For this exercise, retype the lines from the one that holds "A man in a suit" through the one that holds "Thumbnail for Contrast" in the records below, both included, exactly and without pictures.

### DATA EXCERPTS

■ ■ ■ ■ ■

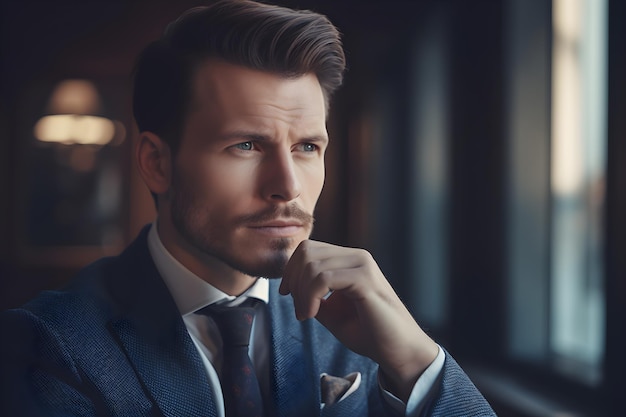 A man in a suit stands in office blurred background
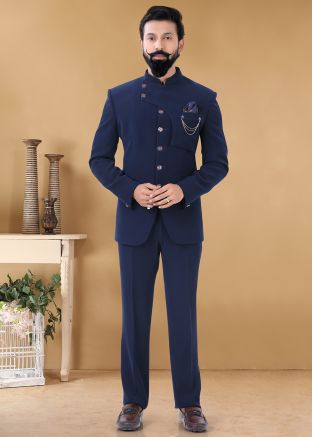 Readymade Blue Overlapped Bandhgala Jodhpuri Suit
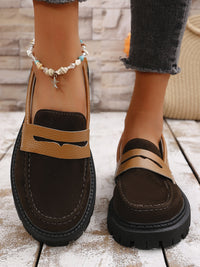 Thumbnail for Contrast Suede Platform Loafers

■ ■ ■ ■ ■

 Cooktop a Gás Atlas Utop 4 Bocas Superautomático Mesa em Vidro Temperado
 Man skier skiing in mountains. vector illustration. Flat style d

■ ■ ■ ■ ■

### TASK RESPONSE
 A man in a suit stands in office blurred background
 Readymade Blue Overlapped Bandhgala Jodhpuri Suit
 Thumbnail for Contrast Suede Platform Loafers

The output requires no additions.